Content starts
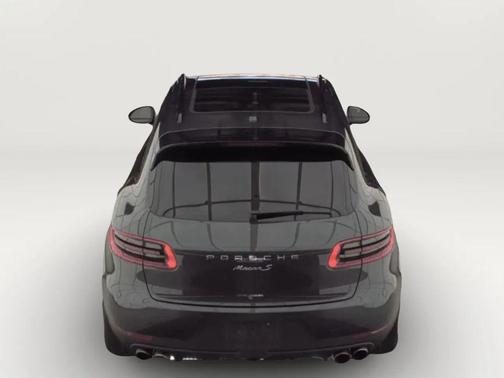 2017 Porsche Macan S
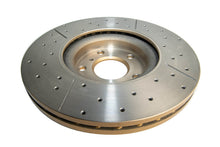 Load image into Gallery viewer, DBA 06-08 350Z / 05-08 G35 / 06-07 G35X Front Drilled &amp; Slotted Street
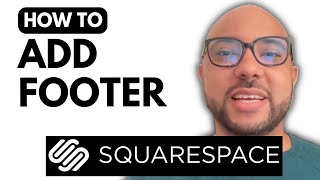 How to Add a Footer in Squarespace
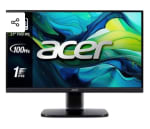 Monitor Acer KA272EBI 27" LED IPS FullHD 100Hz 1ms FreeSync por 98,99€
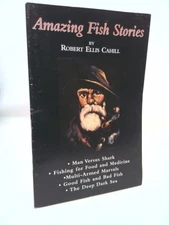Amazing Fish Stories (Old Saltbox) by Applewood Books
Content ends
Brief
Your task is to repeat exactly the lines from the one containing "Load image into" through the end of the material, both included, and only those, without pictures.

Exercise output
 Load image into Gallery viewer, DBA 06-08 350Z / 05-08 G35 / 06-07 G35X Front Drilled &amp; Slotted Street
 How to Add a Footer in Squarespace
 Monitor Acer KA272EBI 27" LED IPS FullHD 100Hz 1ms FreeSync por 98,99€
Amazing Fish Stories (Old Saltbox) by Applewood Books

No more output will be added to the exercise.